Work task
Down to the final line, print the records below exactly and without pictures.

*** Extracted data

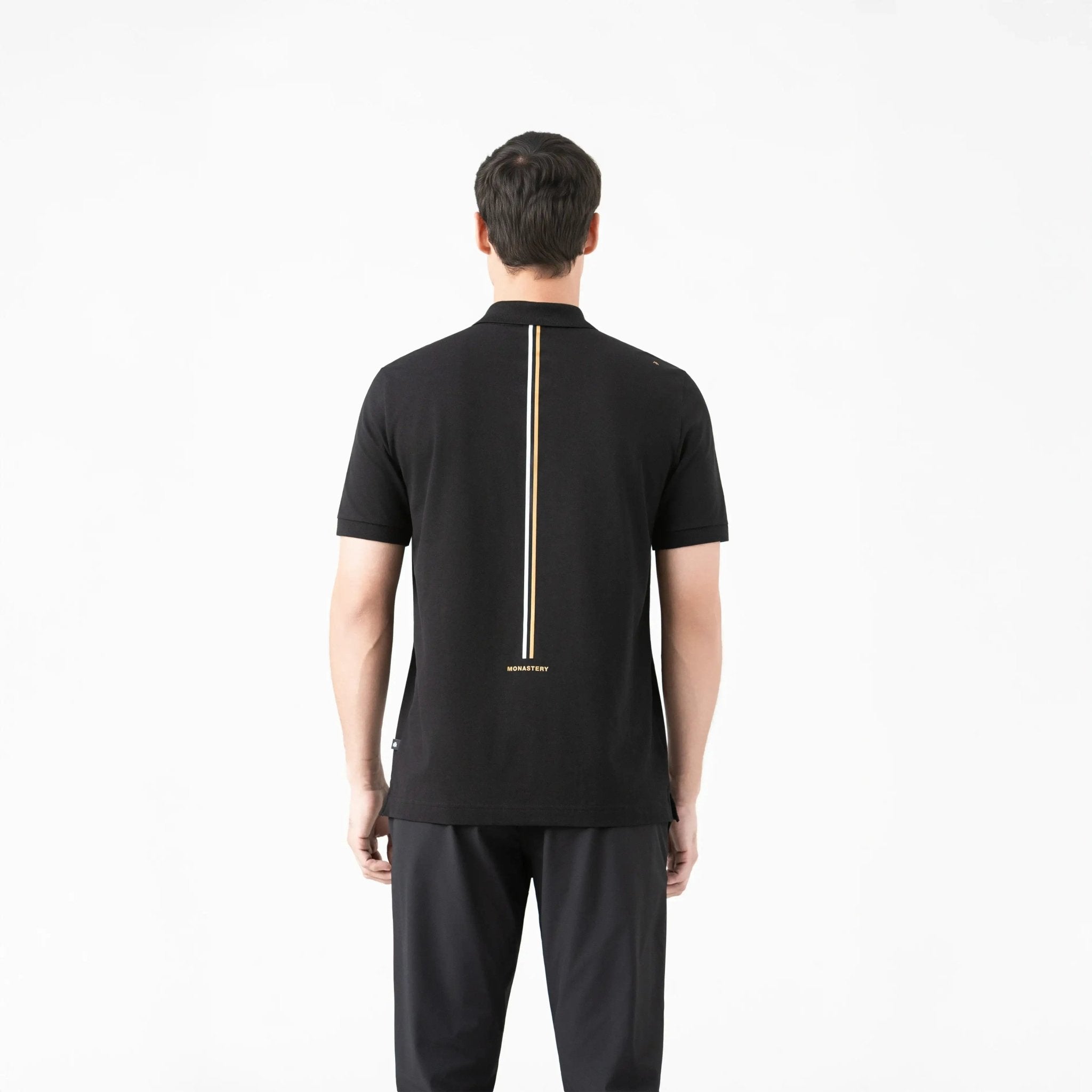 BRUNELLO POLO MEN BLACK - Monastery | Tienda Oficial Colombia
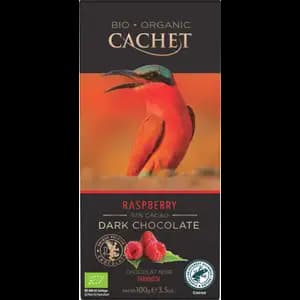 55% Organic Raspberry Dark Chocolate - Cachet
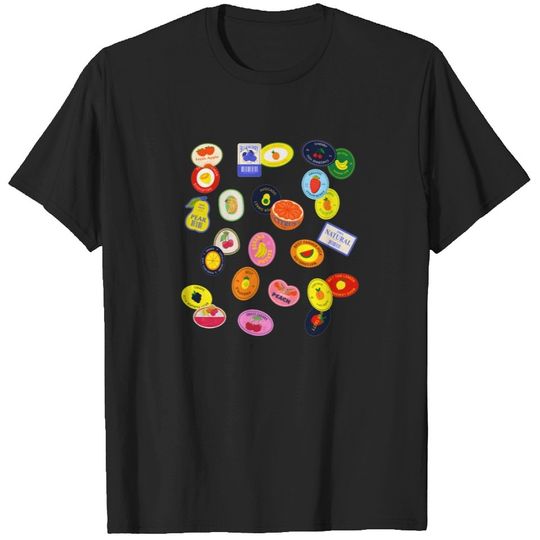 Discover Retro Kawaii Summer Aesthetic Cute Fruit Sticker T-Shirt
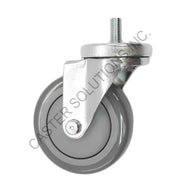 5" x 1.25" Swivel Stem Caster with Poly-Pro™ Wheel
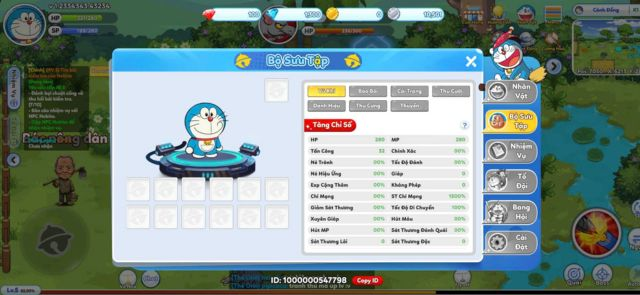 Hình ảnh giao diện trong tựa game Mèo Máy Siêu Quậy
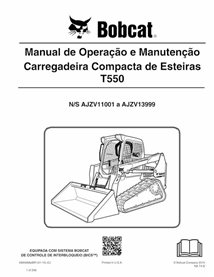 BOBCAT-T550-6990688-PT-OM Manual de operação e manutenção em pdf da carregadeira de esteira compacta Bobcat T550 PT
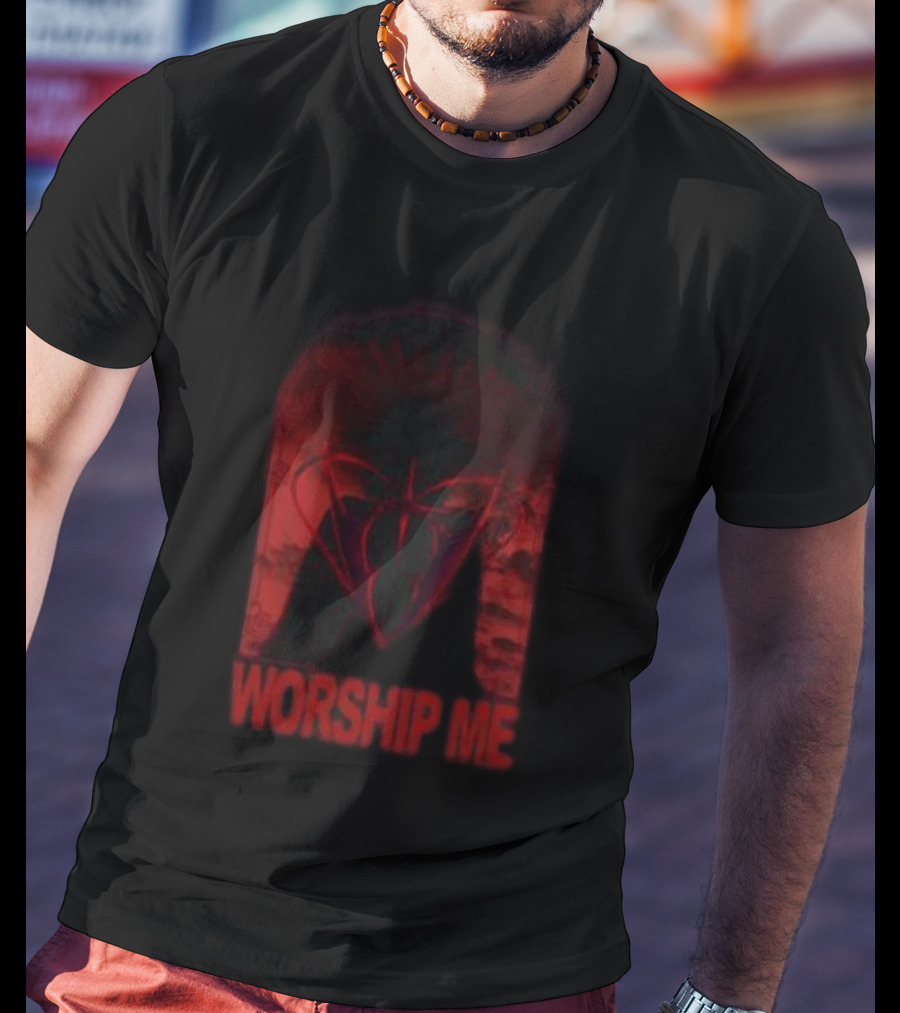 Magnolia Park Worship Me Red Heart T-Shirt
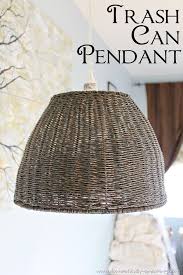 Head to the store with your plan, dimensions and product list in hand. Trash Can Pendant Light Diy Pendant Light Diy Lighting Diy Pendant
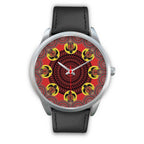 aboriginal-watch-turtle-indigenous-dot-painting-silver-watch-1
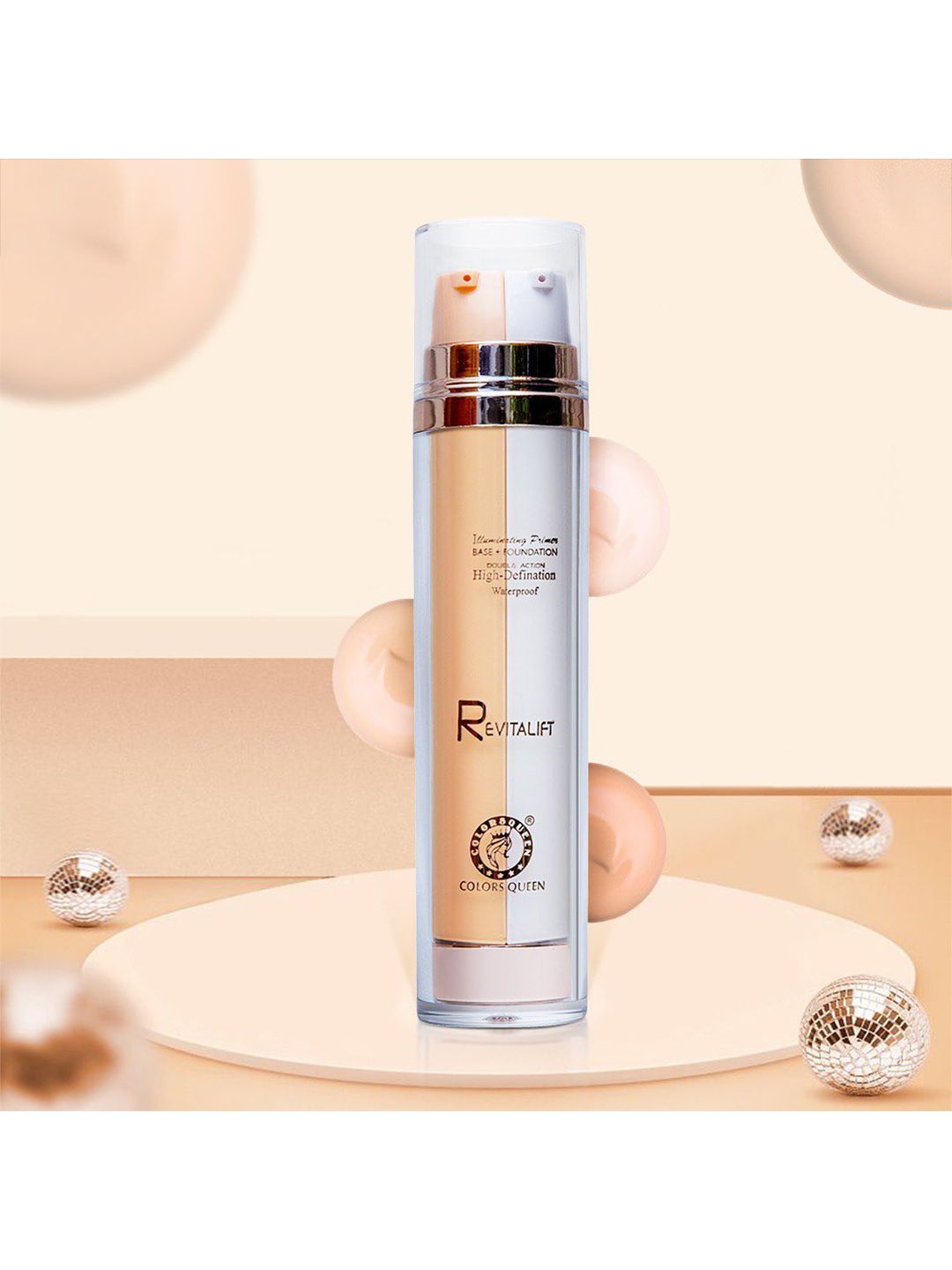 Colors Queen Revitalift 2 IN 1 Illuminating Base Primer + Foundation 40 gm Price in India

******

Answer for the task
 BRUNELLO POLO MEN BLACK - Monastery | Tienda Oficial Colombia
 55% Organic Raspberry Dark Chocolate - Cachet
 Discover Retro Kawaii Summer Aesthetic Cute Fruit Sticker T-Shirt
 5" x 1.25" Swivel Stem Caster with Poly-Pro™ Wheel
 Hình ảnh giao diện trong tựa game Mèo Máy Siêu Quậy
 BOBCAT-T550-6990688-PT-OM Manual de operação e manutenção em pdf da carregadeira de esteira compacta Bobcat T550 PT
 Magnolia Park Worship Me Red Heart T-Shirt
 Head to the store with your plan, dimensions and product list in hand. Trash Can Pendant Light Diy Pendant Light Diy Lighting Diy Pendant
 aboriginal-watch-turtle-indigenous-dot-painting-silver-watch-1
 Colors Queen Revitalift 2 IN 1 Illuminating Base Primer + Foundation 40 gm Price in India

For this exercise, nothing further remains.